When Edward Levi was inaugurated as president at the November 14, 1968, convocation in Rockefeller Chapel, the event was attended by three of his predecessors: Robert Maynard Hutchins, Lawrence A. Kimpton, and the retiring George Beadle. Levi had served under all three. He used his inaugural address for a consideration of the institution's primary mission, calling for a reaffirmation of "our commitment to the way of reason, without which a University becomes a menace and a caricature."

As "custodians not only of the many cultures of man, but of the rational process itself," Levi continued, "[u]niversities are not neutral," but "exist for the propagation of a special point of view; namely the worthwhileness of the intellectual pursuit of truth.…" This view, he added, "does not remove universities from the problems of society."

Indeed, as Levi spoke from the Rockefeller pulpit, 100 students stood outside the chapel, protesting the war in Vietnam; other protesters showed up outside the dinner held in his honor that night at a downtown hotel. Two months later, the subject of student protests centered not on national but on University policy.

On January 30, 1969, students forcibly took over the Administration Building to protest the non-renewal of a faculty member's contract. Levi's response differed from that of many college and university administrators in those years: rather than call in outside authorities, he enforced the University's internal disciplinary process. When, two weeks after it began, the sit-in ended, he issued a statement to the campus community, making clear his bedrock values:

"The University has sought throughout this period, however imperfectly, to exemplify the values for which it stands. It has encouraged discussion through faculty and student groups. It has sought to institutionalize a process for wider participation. In a world of considerable violence, and one in which violence begets violence, it has emphasized the persuasive power of ideas. It has sought--and the unique response of faculty and students has made this possible--to handle its own affairs in a way consistent with its ideals."
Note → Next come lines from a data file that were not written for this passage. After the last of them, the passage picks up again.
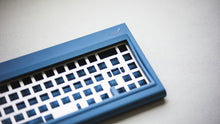 Load image into Gallery viewer, curve 65 keyboard in blue close up on right side angled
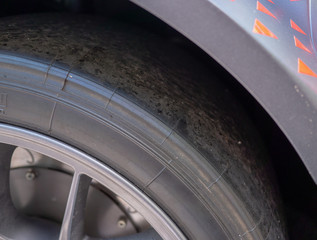 aluminum wheel rim on slick car racing tire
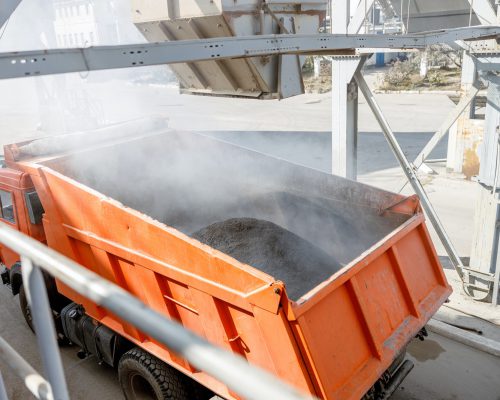 Truck loaded with building material in plant Truck loaded with building material in plant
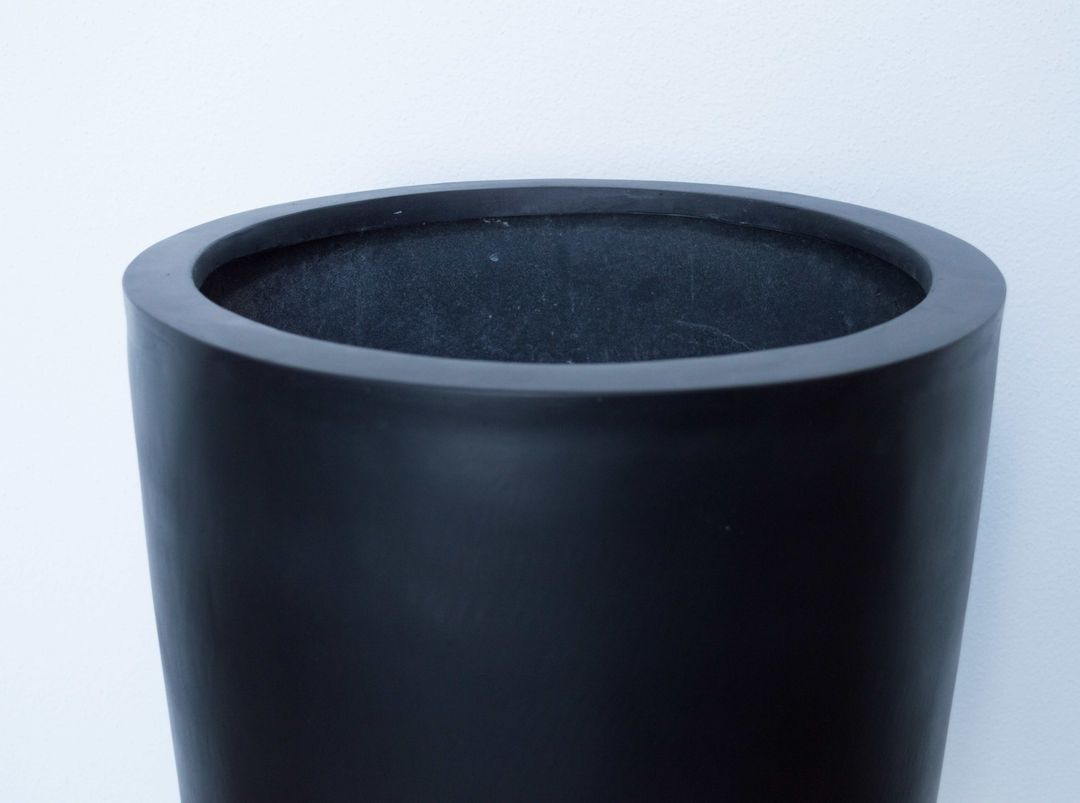 Oberer Rand und Innenraum eines runden konischen Pflanzkübels aus Fiberglas in Schwarz-matt vor heller Wand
Admitting that "[a]s I write these lines, I cannot help but wonder what our success has been and whether the choice we made remains viable," Levi continued: "These consequences to the University will be felt for a considerable period of time and will be disappointing to many. We must make the best of them."


Edward Levi's accomplishments were not limited to the University. In 1950, as counsel to the Subcommittee on Monopoly Power of the United States House Judiciary Committee, he conducted hearings on the steel and newsprint industries. During the 1960s, he served on the White House Central Group on Domestic Affairs, the White House Task Force on Education, and the President's Task Force on Priorities in Higher Education.

After leaving the Ford administration, he spent the 1977-78 academic year as the Herman Pfleger visiting professor at Stanford University Law School before returning to teach in the Law School and the College. His research interests included jurisprudence, constitutional law, bankruptcy and reorganization, federal procedure, antitrust law, law and economics, and legal education. He often spoke on higher education, and many of his speeches were collected in Point of View: Talks on Education.

A founding trustee of the MacArthur Foundation, he was a trustee of the Aspen Institute for Humanistic Studies, the Institute of International Education, the Institute for Psychoanalysis, the International Legal Center, the Museum of Science and Industry, the Russell Sage Foundation, the Urban Institute, and the Woodrow Wilson National Fellowship Foundation.

A former chairman of the Council on Legal Education for Professional Responsibility, Levi had been president of the American Academy of Arts and Sciences, a vice president of the American Philosophical Society, a member of the Council of the American Law Institute, and a fellow of the American Bar Association. Among his many other honors were L.H.D. degrees from seven institutions, including the University of Chicago; L.L.D. degrees from 18 institutions; and the French government's Legion of Honor.

Perhaps the best illustration of the interwoven threads of Levi's personal, intellectual, and public life can be seen in the list of speakers scheduled to speak at the April 6 memorial service in Rockefeller Chapel. His brother-in-law, Bernard D. Meltzer, AB'35, JD'37, the Edward H. Levi distinguished service professor emeritus, and President Hugo Sonnenschein were to be joined by former U.S. President Ford and Justice Scalia, as well as Stanford president Casper; Washington Post publisher and University life trustee Katharine Graham, AB'38; and Chicago Tribune publisher and U of C trustee Jack Fuller.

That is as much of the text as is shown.